Another comment mentioned how you really had to concentrate on those Madison steps! TRUE! Here you are -- a teenager -- and on television with your school mates, relatives and neighbors watching! You KNOW how hard it is to be un-cool at that age! One mis-step and there goes your ego! Not mentioning any names (he knows who he is) -- but one of the dancers -- because he did screw up that step so badly, is asked to start the Madison at every dance we go to now. (Yes - we still get together -- and we still dance on a regular basis. There is a large group of us who are great old friends -- Emphasis on "Old" ... but still legends in our own minds. ;)

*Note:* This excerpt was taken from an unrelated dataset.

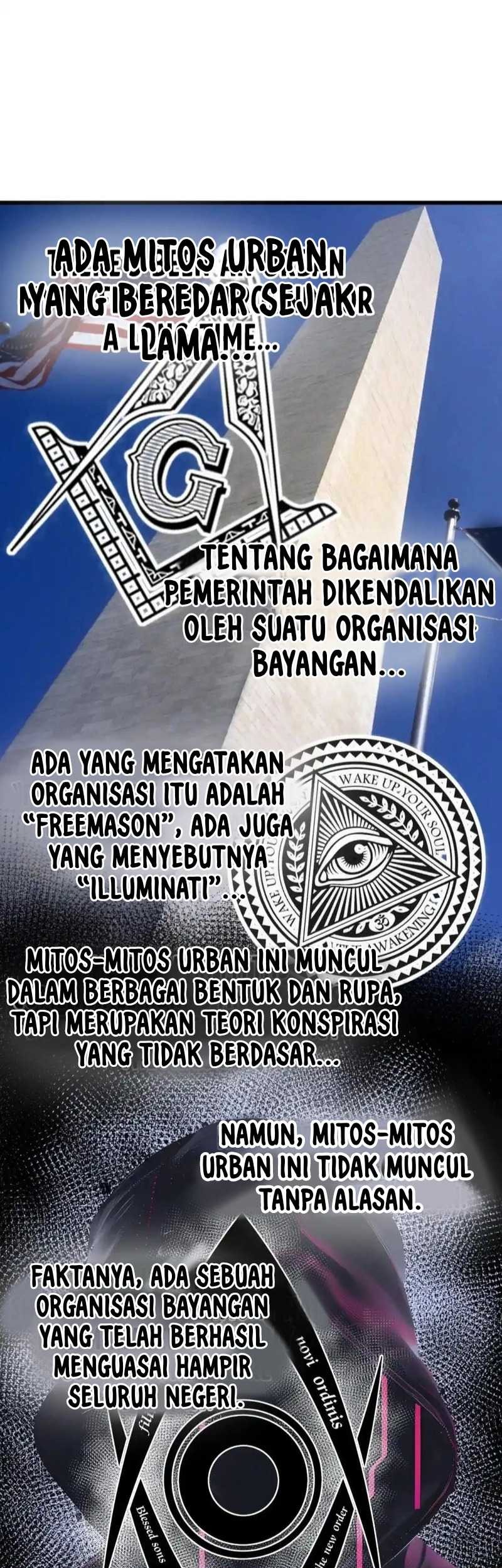 King Of Snow Chapter 30 Gambar 37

Have to say a word here about Buddy Deane. He WAS strict on the show. The kids were also self disciplined by the elected teenage board. There was a two page list of rules -- made up by the kids themselves -- to which you had to comply or get kicked off the show. But, you have to consider this was a different era and the slightest bit of misconduct in those days would have brought the hammer down on Buddy's head from the media and/or the parents. (Remember when parents had control of their teenagers????)

In later years, Buddy would come to town from Arkansas to do 50's record hops and by that time had become friends with his "all grown up kids". We had many enjoyable years listening to his stories at our houses. He was a great guy and a wonderful family man. He also helped a lot of his "kids" launch their own successful careers in the music business.

Hope this gives everyone a better insight.

"DANCE LIKE NO ONE IS LOOKING!" -- and now, we're old enough, we don't care if anyone is looking or not. (And, yes - we still screw up The Madison!!! But, now we just laugh!"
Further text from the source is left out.